[Freenet-dev] Updatable data

Ian Clarke Wed, 10 May 2000 22:34:11 +0100

> > A few things.  Firstly, that is kind of the pot calling the kettle black
> Yes, but the kettle started it...


Debatable - but I can't be arsed ;-)

> While it is true that if you kill the broadcast where ever the data is not
> found it will not grow out of proportion, that is not the only reason I 
> dislike
> anything that has broadcast in it. Basically, any form of "we will send it
> everywhere" is fundamentally not working intelligently within the system and
> taking advantage of it. It could be that it is impossible to make updates work
> taking advantage of the current system (I think it is) but then we should
> change the system so it will be (the "downwards references" would be one such
> change, though probably not a good one), not try to force fit it.

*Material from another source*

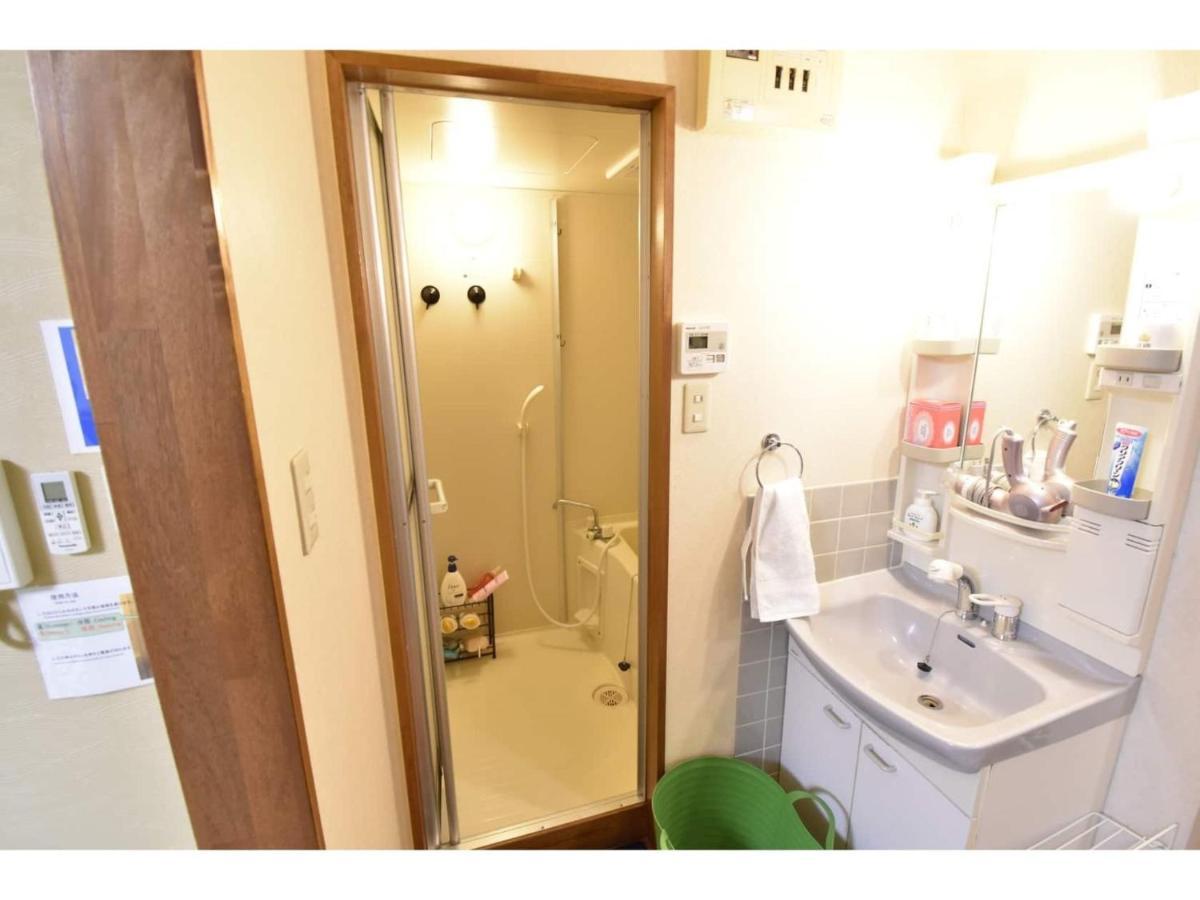 Guest House Hanare - Vacation Stay 85819 Osaka Exterior foto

But here again you are saying that the "fireworks" proposal (thanks for
whoever suggested that name) is somehow inelegant, or inefficient, yet
as I have pointed out (and as you have not disputed) it doesn't result
in any more messages being sent, in the long term, than your (or any
other) updating mechanism.  Given that, your assertion that it is
fundamentally unintelligent is unsupported.

> a) The "explosion" makes no use of the natural tendencies of Freenet
> (references converge to a point where the data can be found, they don't
> diverege to everywhere it is cached), and as such will have little or no 
> effect.

References are a two-way thing - if node A has similar data to node B,
it is just as likely to have forwarded requests that were answered by
node B, as node B is to have forwarded requests that were answered by
node A (or so my intuition tells me - and intuition has got us this
far!).  Also, I seem to recall implementing a mechanism by which
occasionally a DataSource is pointed to where a DataReply is sent to,
rather than where it is sent from (this is to aid node discovery).  I
can't see this in the code right now though, has it been removed?  It
was there for a reason!

> b) Using "expiry" causes one's data to die if one is unable to update it. Not
> using expiry makes updates infeasable because of a).

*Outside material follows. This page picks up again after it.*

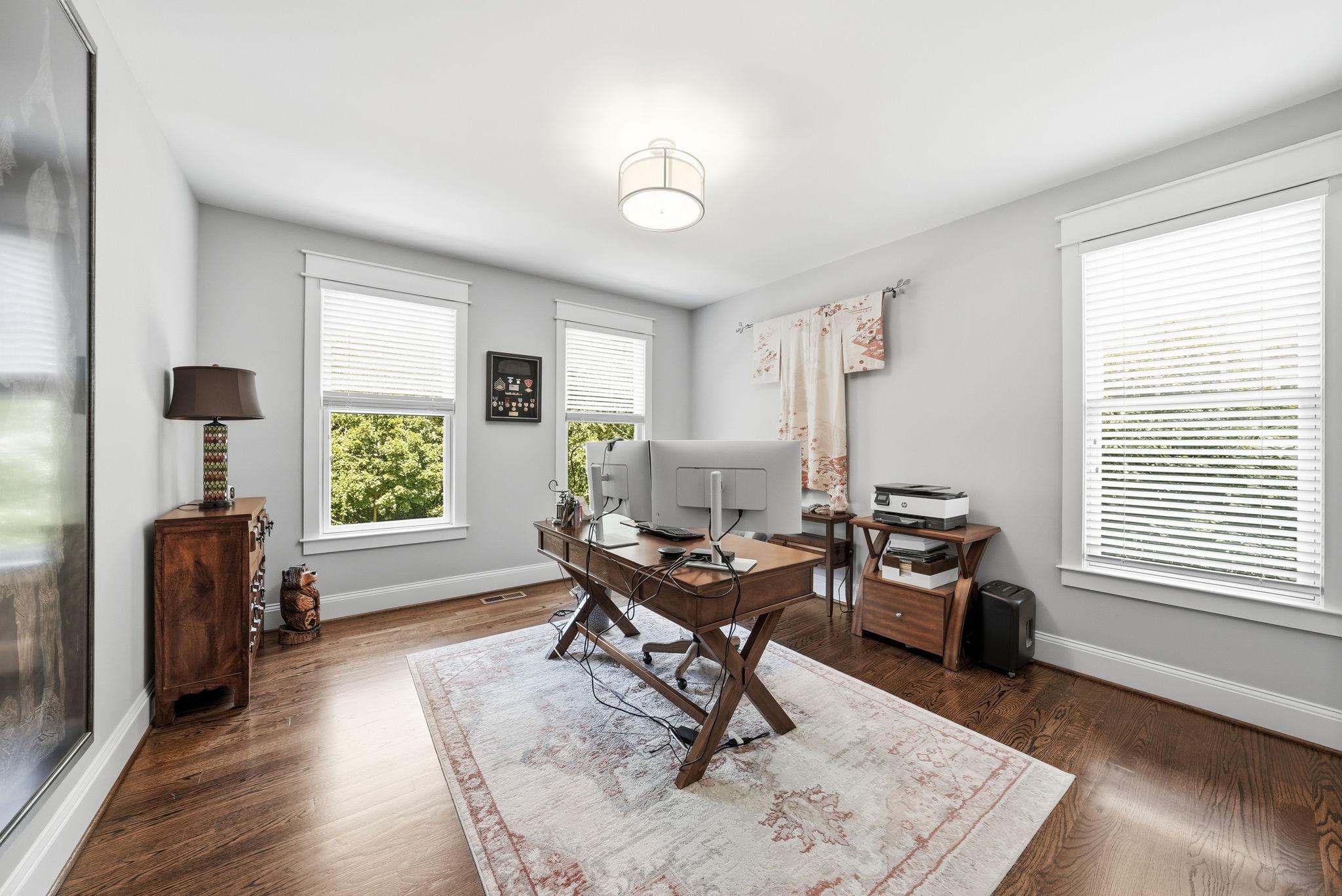 LEWINSVILLE - Residential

This is true, but information producers will be aware of the risk when
they set the expiry, if they want data to be around forever then they
shouldn't do this (or they should store it separately and hyperlink to
it from the updated page).

> <snip - meta-discussions about the discussion are seldome helpful>

But they are fun.

> > But this means that the insert only reaches one "epi-centre" node, and a
> > line of nodes between you and it.  It will still be shielded by nodes
> > caching the data.  You suggest a special request which "penetrates" this
> > shield of cached data, but
> 
> But you argued that even with a request that penetrates this it would not 
> work.
> It does work (if normal requests and inserts do). You are right that it
> increases the number of messages that nodes will see, but I still don't 
> believe
> your version will work at all.

Firstly, you have yet to convincingly justify your belief that my
version won't work (see above), and secondly, it is an understatement to
say that it will lead to an increase in the number of messages, it
*will* lead to the slashdot effect.  Your protests against this that the
slashdot effect won't happen because the DataRequests will be for small
data redirecting to CHKs is rather weak - some poor sod running a
Freenet node across his small ISDN line which happens to be the
epi-centre of the next Starr Report is not going to survive regardless
of how small the data which is being requested is!  In this case a
fantastically popular piece of information will become unavailable,
precicely the situation that Freenet it designed to avoid.  The SlashDot
may not be as acute, but it will still happen, and that must be avoided.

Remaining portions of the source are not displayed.